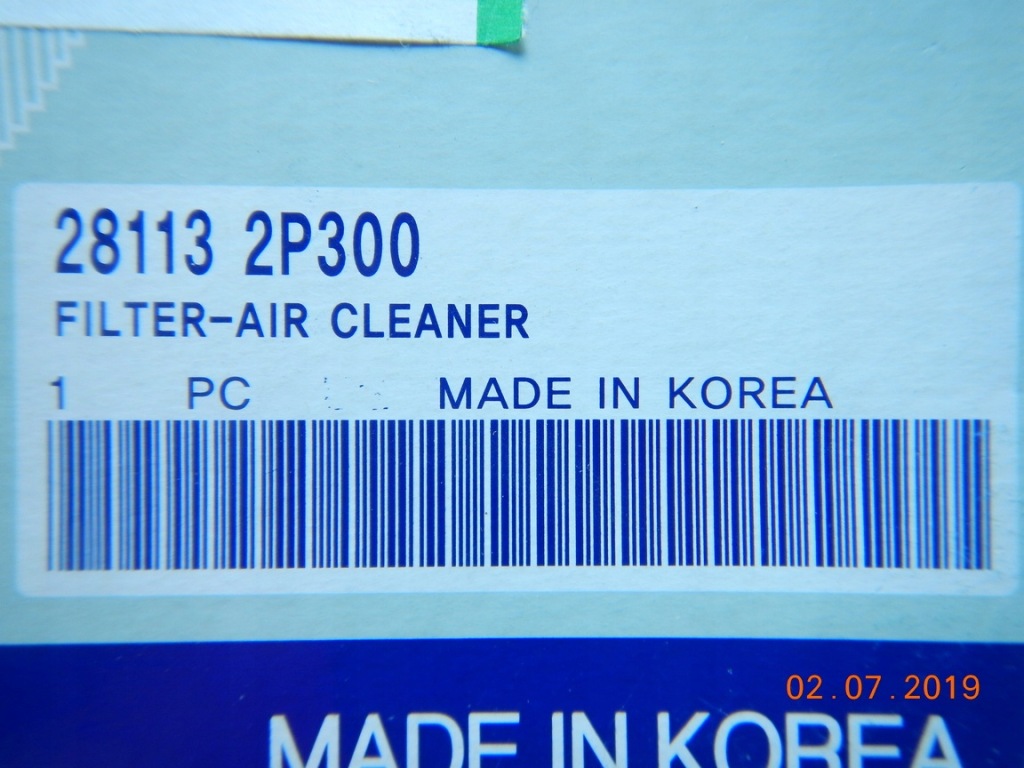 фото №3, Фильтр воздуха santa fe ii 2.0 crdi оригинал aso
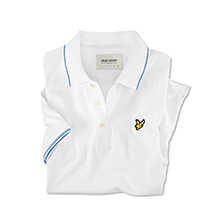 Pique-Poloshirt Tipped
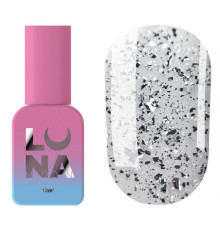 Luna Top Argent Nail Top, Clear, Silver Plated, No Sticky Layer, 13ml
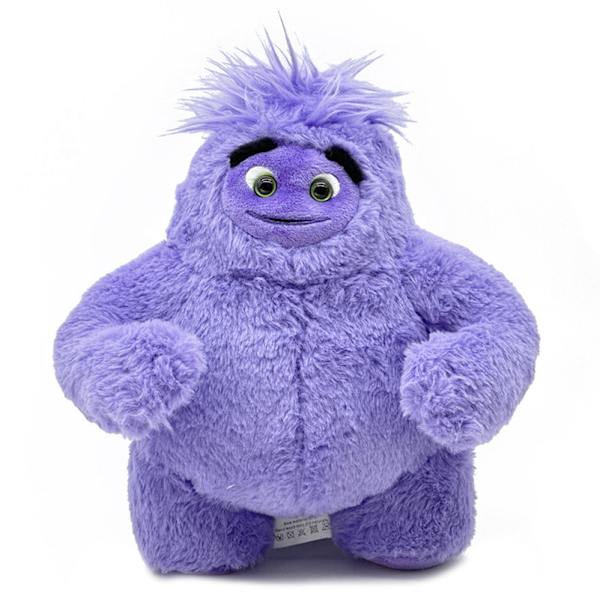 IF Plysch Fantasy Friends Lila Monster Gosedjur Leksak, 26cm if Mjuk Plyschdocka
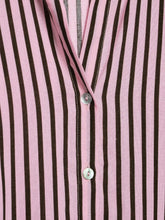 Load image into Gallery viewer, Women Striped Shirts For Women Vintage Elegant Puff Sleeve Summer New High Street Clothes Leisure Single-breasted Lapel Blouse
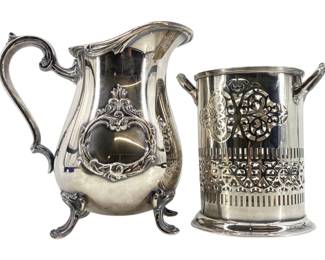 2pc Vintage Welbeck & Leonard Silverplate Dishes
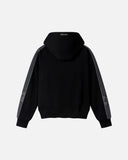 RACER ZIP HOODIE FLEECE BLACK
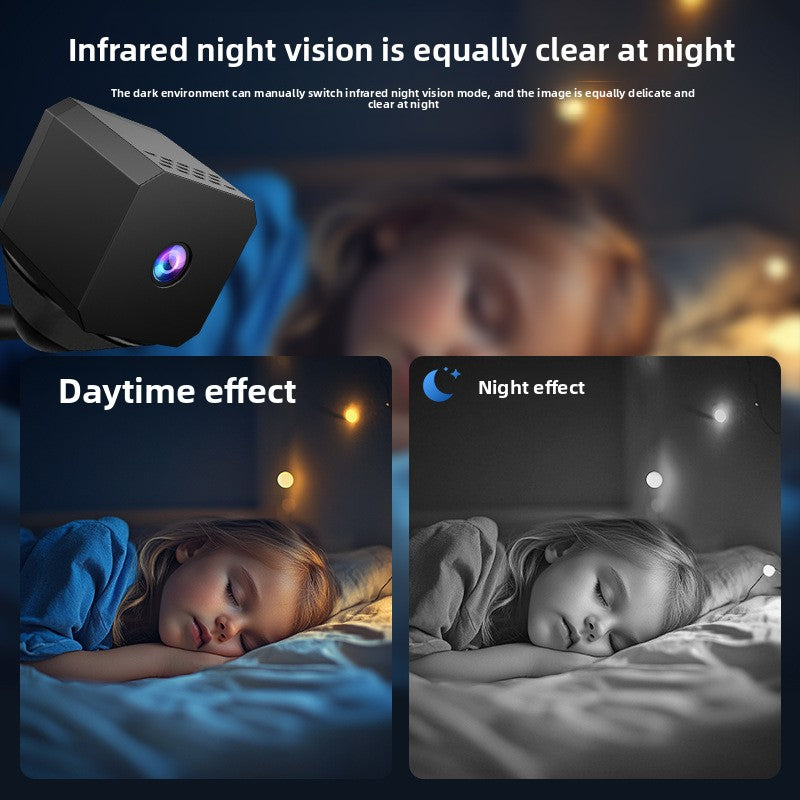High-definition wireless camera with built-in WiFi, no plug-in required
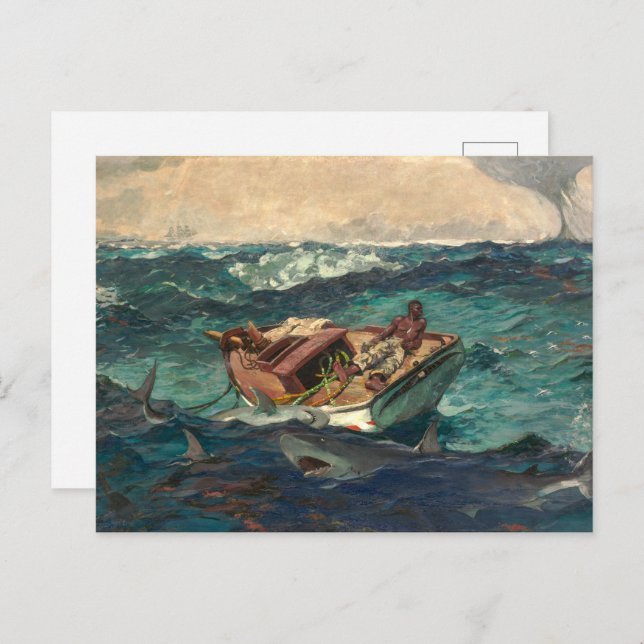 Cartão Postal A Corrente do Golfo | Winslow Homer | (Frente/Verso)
* * *
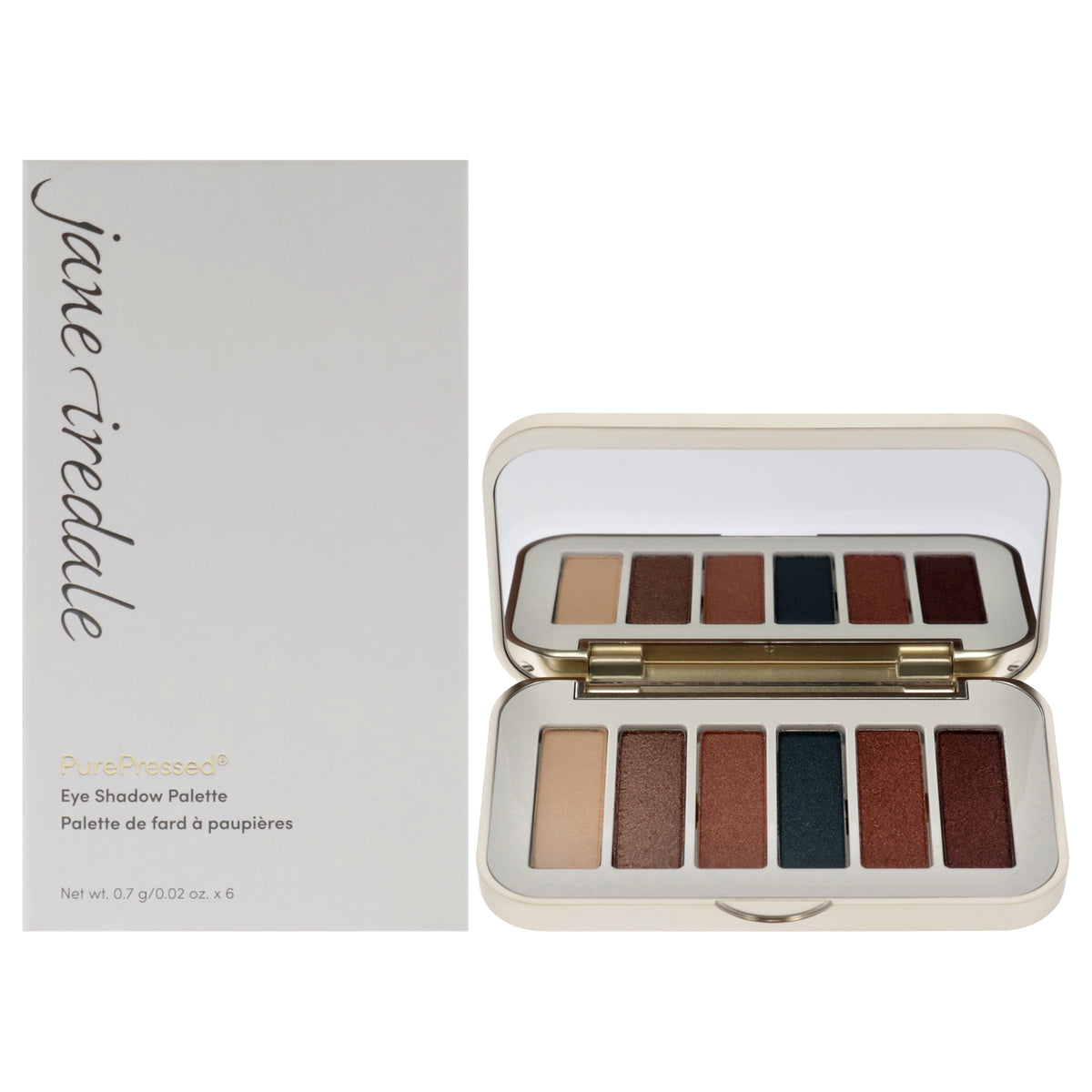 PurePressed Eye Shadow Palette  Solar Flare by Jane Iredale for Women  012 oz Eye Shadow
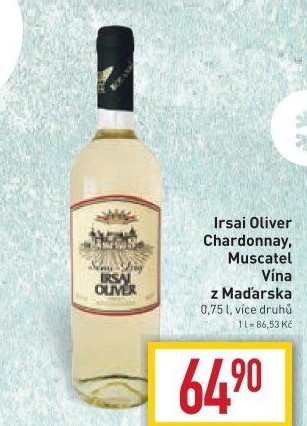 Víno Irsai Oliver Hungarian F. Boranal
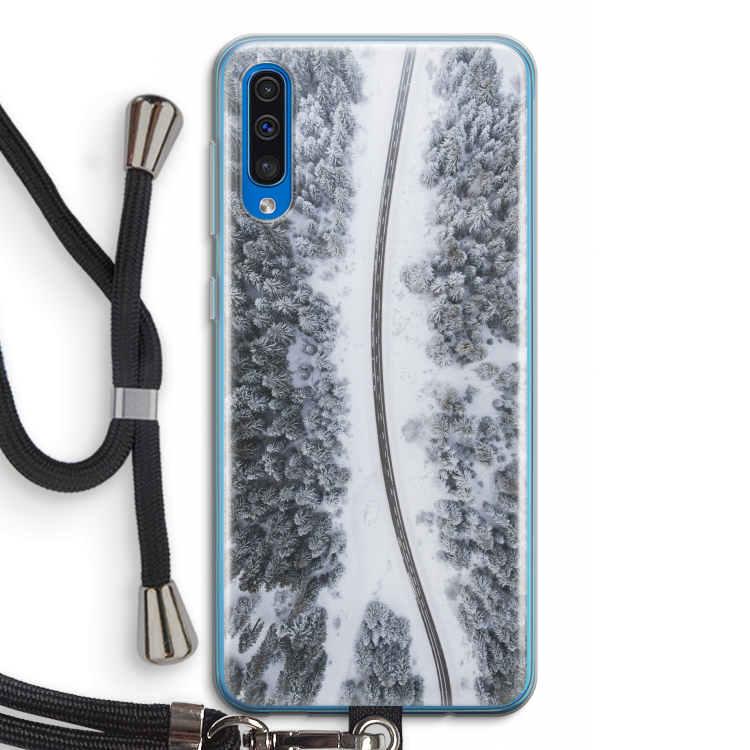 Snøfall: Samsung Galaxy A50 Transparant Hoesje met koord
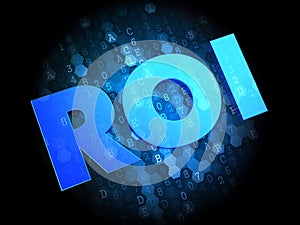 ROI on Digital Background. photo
---
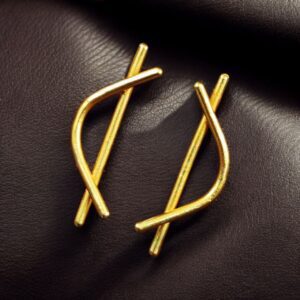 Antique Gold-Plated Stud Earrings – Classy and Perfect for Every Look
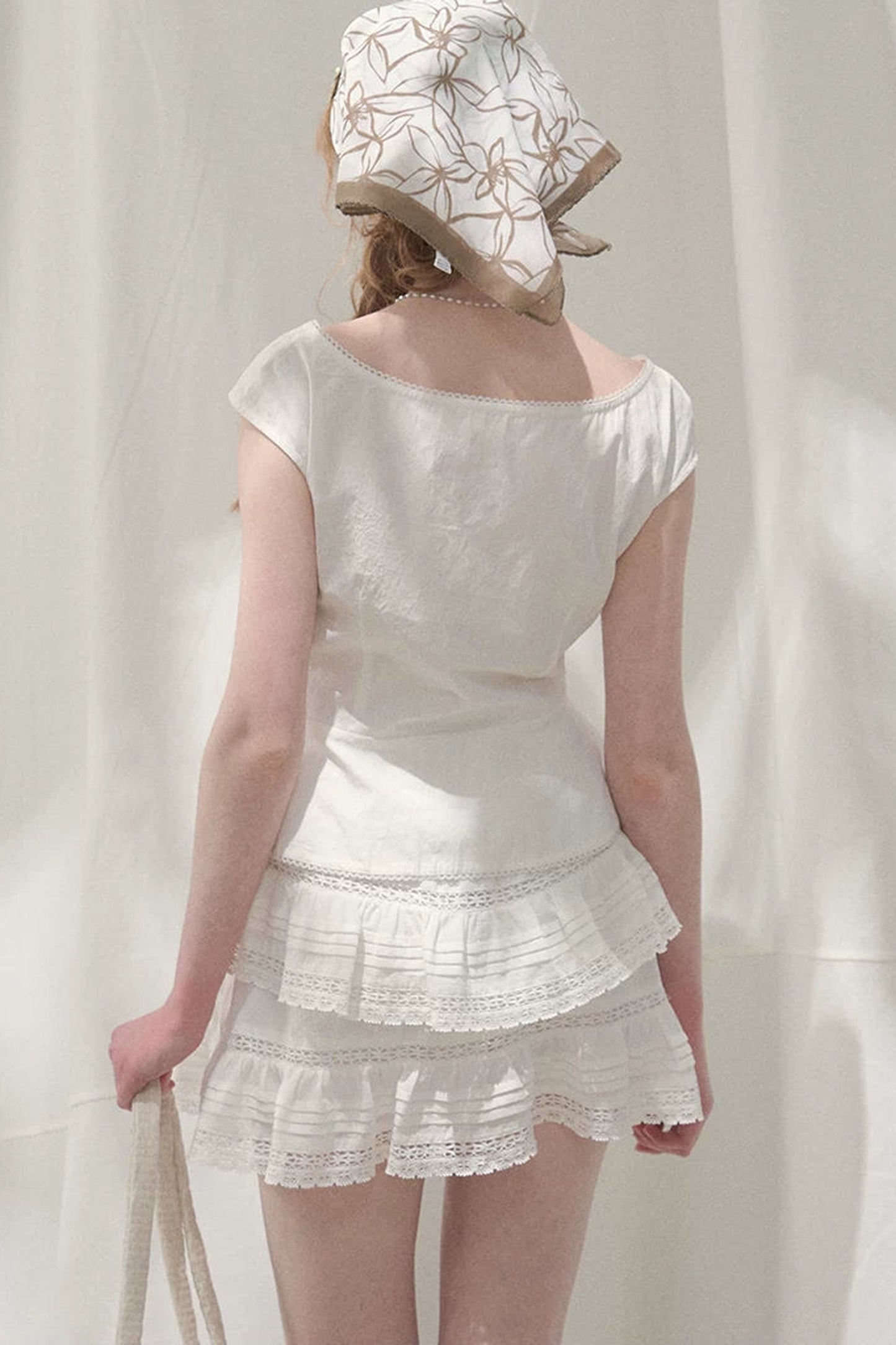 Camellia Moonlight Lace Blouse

TO DO:
Could the stretch from the line with "фото №3, Фильтр" through the line with "Cartão Postal A" in the listing above be restated word for word, minus the pictures?

RESULT FOR THIS EXERCISE:
 фото №3, Фильтр воздуха santa fe ii 2.0 crdi оригинал aso
 Pique-Poloshirt Tipped
 Luna Top Argent Nail Top, Clear, Silver Plated, No Sticky Layer, 13ml
 IF Plysch Fantasy Friends Lila Monster Gosedjur Leksak, 26cm if Mjuk Plyschdocka
 Load image into Gallery viewer, Women Striped Shirts For Women Vintage Elegant Puff Sleeve Summer New High Street Clothes Leisure Single-breasted Lapel Blouse
 2pc Vintage Welbeck & Leonard Silverplate Dishes
 RACER ZIP HOODIE FLEECE BLACK
High-definition wireless camera with built-in WiFi, no plug-in required
 Cartão Postal A Corrente do Golfo | Winslow Homer | (Frente/Verso)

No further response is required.